WHAT IS EXPECTED:
Once the line with "トークショーで笑顔を見せる阪神木浪（撮影・藤尾明華）" is found, repeat exactly that line and every one after it until the data below ends, including the last line.

DATA FOR THE TASK:
• • • • • • •

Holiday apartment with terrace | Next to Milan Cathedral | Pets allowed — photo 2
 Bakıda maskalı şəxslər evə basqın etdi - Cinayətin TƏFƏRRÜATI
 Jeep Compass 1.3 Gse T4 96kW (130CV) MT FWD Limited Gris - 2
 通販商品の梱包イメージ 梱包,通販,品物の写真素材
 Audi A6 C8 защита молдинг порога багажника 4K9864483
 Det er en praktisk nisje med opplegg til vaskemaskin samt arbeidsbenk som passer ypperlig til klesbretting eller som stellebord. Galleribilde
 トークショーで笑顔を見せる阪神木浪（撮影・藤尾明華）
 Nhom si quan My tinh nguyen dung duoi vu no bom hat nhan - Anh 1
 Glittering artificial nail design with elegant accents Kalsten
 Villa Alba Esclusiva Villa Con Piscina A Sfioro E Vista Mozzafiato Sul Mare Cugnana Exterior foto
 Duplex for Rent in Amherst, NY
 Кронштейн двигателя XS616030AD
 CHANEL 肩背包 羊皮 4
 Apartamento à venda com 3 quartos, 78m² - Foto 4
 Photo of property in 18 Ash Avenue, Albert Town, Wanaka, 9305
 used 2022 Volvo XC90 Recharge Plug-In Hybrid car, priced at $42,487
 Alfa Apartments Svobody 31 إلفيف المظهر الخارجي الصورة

• • • • • • •

FINISHED TASK:
 トークショーで笑顔を見せる阪神木浪（撮影・藤尾明華）
 Nhom si quan My tinh nguyen dung duoi vu no bom hat nhan - Anh 1
 Glittering artificial nail design with elegant accents Kalsten
 Villa Alba Esclusiva Villa Con Piscina A Sfioro E Vista Mozzafiato Sul Mare Cugnana Exterior foto
 Duplex for Rent in Amherst, NY
 Кронштейн двигателя XS616030AD
 CHANEL 肩背包 羊皮 4
 Apartamento à venda com 3 quartos, 78m² - Foto 4
 Photo of property in 18 Ash Avenue, Albert Town, Wanaka, 9305
 used 2022 Volvo XC90 Recharge Plug-In Hybrid car, priced at $42,487
 Alfa Apartments Svobody 31 إلفيف المظهر الخارجي الصورة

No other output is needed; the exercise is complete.